Let’s try Anglo-Saxon Britain 410-1066 – you can imagine I’m not too hopeful for this chapter. Aha, at least we have more definition as it begins with “The English are descended from the Angles, Saxons, Jutes…English conquest” blah, blah, blah…”English race” an interesting concept – especially given the previous paragraphs explaining the number of different peoples who’ve formed this ‘race’. I’m not expecting any mention of Scotland because this chapter doesn’t apply here – although Scots kids all learnt about it. But what is this? There’s a sketch of a Viking cross at Oransay, Scotland – that’ll be Oronsay I expect – and it’s what we call a Celtic cross and it dates from around 500 years after the chapter’s cut-off date. History our flexible friend again.

Chapter 4 looks at Medieval Britain 1066-1485 with not a cheep about Scottish royalty but everything you need to know and more about the line of English kings. There is a mention of Scotland in relation to the English Edward I. That’s it. There’s a nice drawing of a battering ram – know what I’d like to do with that – lots of Norman this and that. But hark! What comes here? It is an illustration of Robert the Bruce (again because of the association to England as is the case for the sketch of Joan of Arc.) So that’s it for Medieval Britain – must have passed Scotland by.

Tudor Britain up next and as Scotland didn’t do Tudors there’s no point looking here but I can’t resist having a wee peek. Elizabeth I of England, “greatest of the Tudors” and what’s this? “Foreign policy was directed against the menaces of Scotland, France and Spain.” That’s not very nice – first we’re all part of the British family then we’re a foreign enemy – again. Glowing it is – glowing in its admiration of Elizabeth I of England – and the advances in trade – Levant and East India, ne’er a hint of exploitation and stripping India of its assets …”Many universities and Grammar Schools were founded” – not a mention Aberdeen which between 1596 and 1826 had as many universities as in the whole of England. That’s worth putting in a book on Britain only it was in the wrong part of  ‘Britain’ evidently.
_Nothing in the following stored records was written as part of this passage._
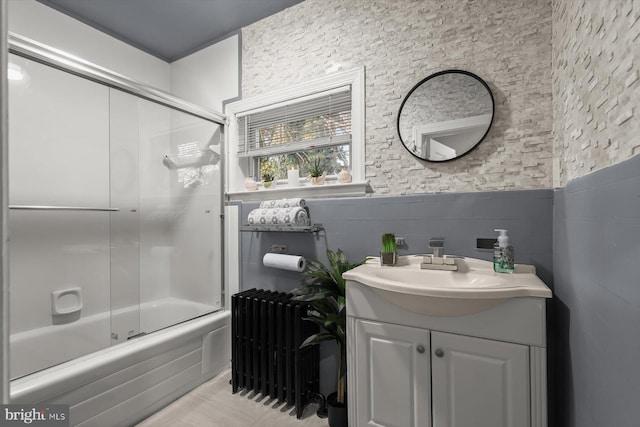 bathroom featuring enclosed tub / shower combo, tile patterned flooring, vanity, and radiator heating unit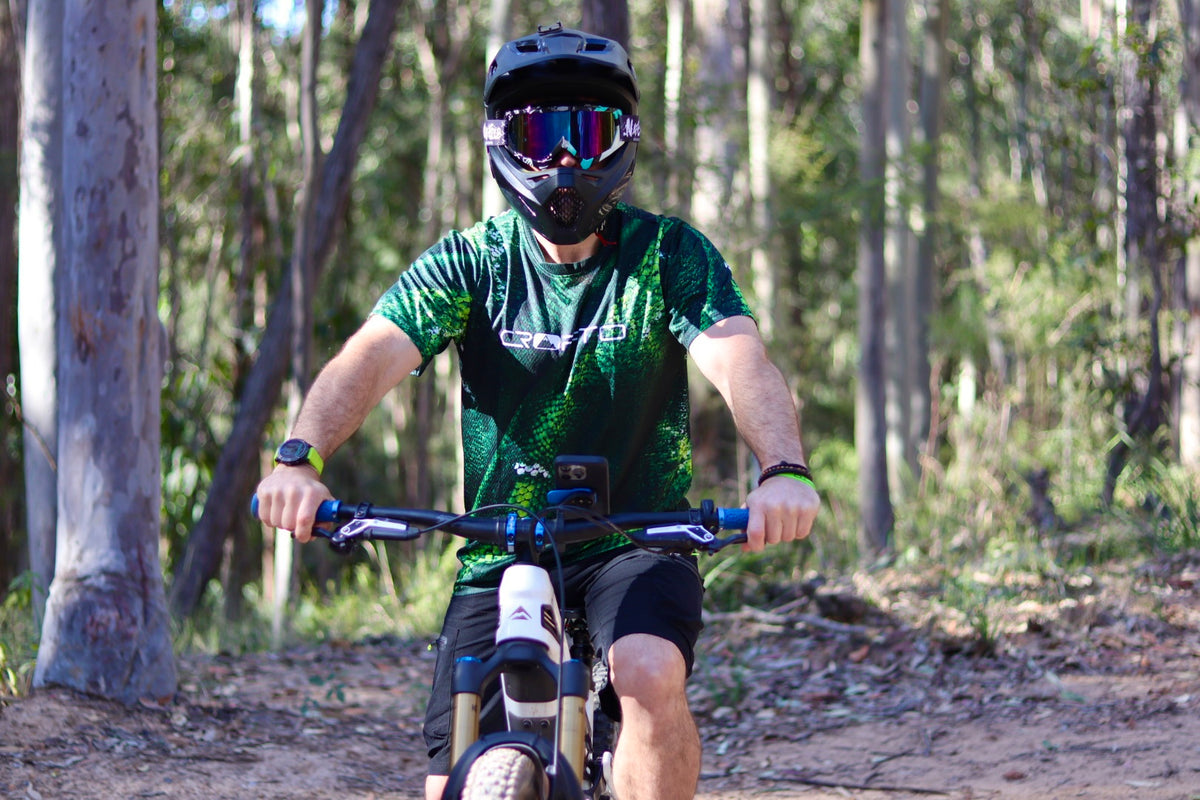 Man sitting on a mountain bike in a forest wearing a CROFTO Viper MTB jersey in green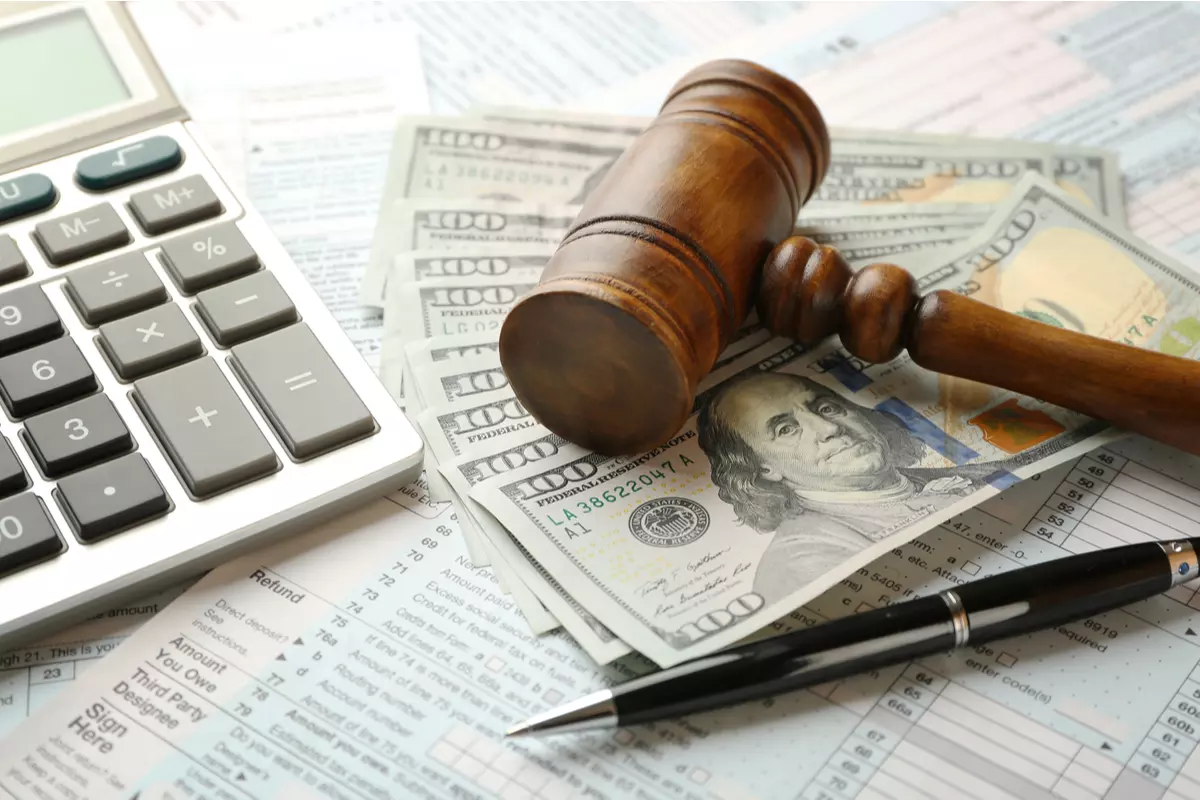 A judge's gavel on a pile of banknotes.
Scotland, Mary Queen of Scots, is included in Tudor Britain for some reason when it should be in a chapter called Stuart Britain – which comes next – and why? because it covers the period from 1603 when the Stuarts decamped to England. This is not a history of Britain it is a history of England – a bundle of baloney.

James VI is introduced as James I – because that’s his English regnal number and England precedes mention of Scotland because English historians know Scotland’s place. Back! Get back!
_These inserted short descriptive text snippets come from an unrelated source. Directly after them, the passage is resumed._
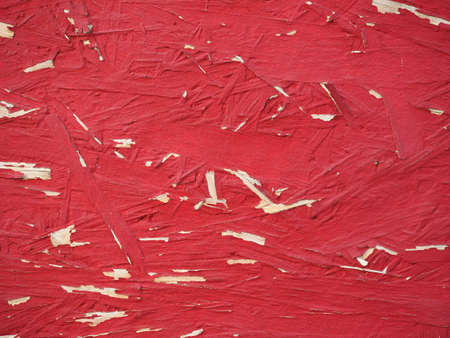 Red composite wood useful as a backgroundの写真素材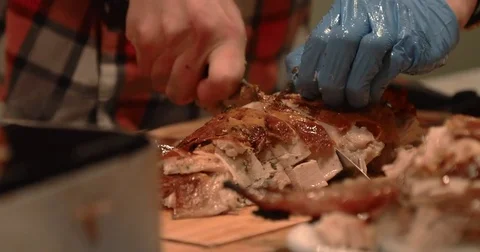 Close Up of Young Man Carving a Chunk of Turkey in the Kitchen Stock Footage 83488197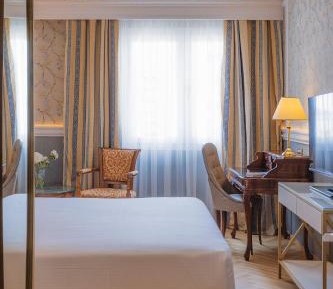 Deluxe Old Port View king bed, marble bathroom and wooden floor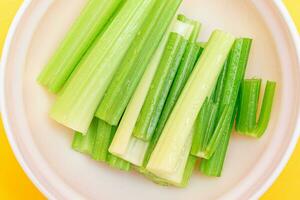 Fresh Chopped Celery Sticks with Water Drops in White Bowl Top View. Vegan and Vegetarian Culture. Raw Food. Healthy Diet with Negative Calorie Content photo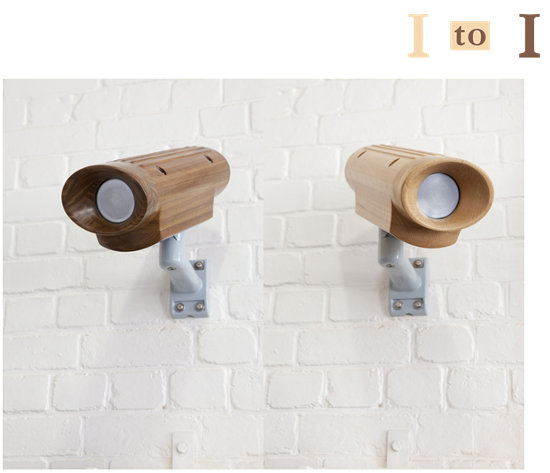 Click the image for a view of: Image: Security Camera (kiaat) & Security Camera (beech)  2015  Wood, stainless steel screws, aluminium bracket, enamel paint  395X300X150mm (kiaat) & 410X300X140mm (beech)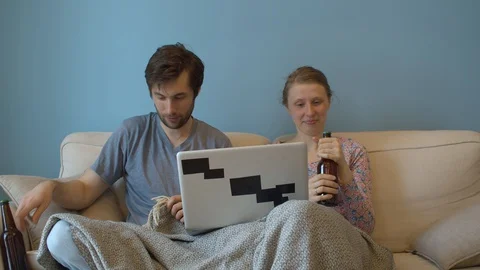 Family drinking beer on the couch Stock Footage 129231856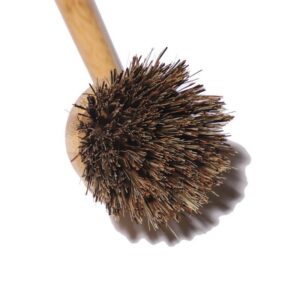 Long-handle bamboo dish scrub brush with a round head and mixed natural sisal and palm fiber bristles, shown on a white background.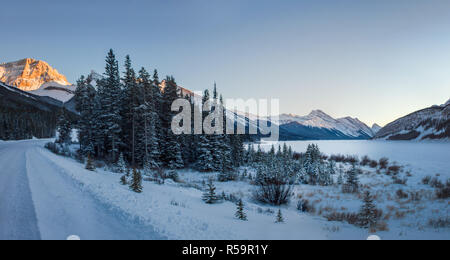 Klein und leer Winter Straße, mit einem kleinen Wald und großen zugefrorenen See bei Sonnenuntergang in wunderschöne Berge, Banff National Park, Kanada Stockfoto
The Act of Union – I’ll get my magnifying glass out – straight FACT “Act of Union (1707). “By this Act the United Kingdom of Great Britain was established under a single government, Scotland being represented in Parliament by forty-five Members in the Commons and sixteen Peers in the Lords.” Parliament being in London,  not Edinburgh, naturally.

Culloden, the last pitched battle fought on British soil is a case of move along nothing of interest here. No mention. Sure there are sketches of the Duke of Cumberland – Butcher as he’s known here – and Charles Edward Stuart, “the Young Pretender” – note that slick derogatory description we’ve come to accept – not forgetting his old man, another Pretender. There’s a pic, too, of George I who “succeeded under the Act of Succession” aye he did – positive write-up we may say for George.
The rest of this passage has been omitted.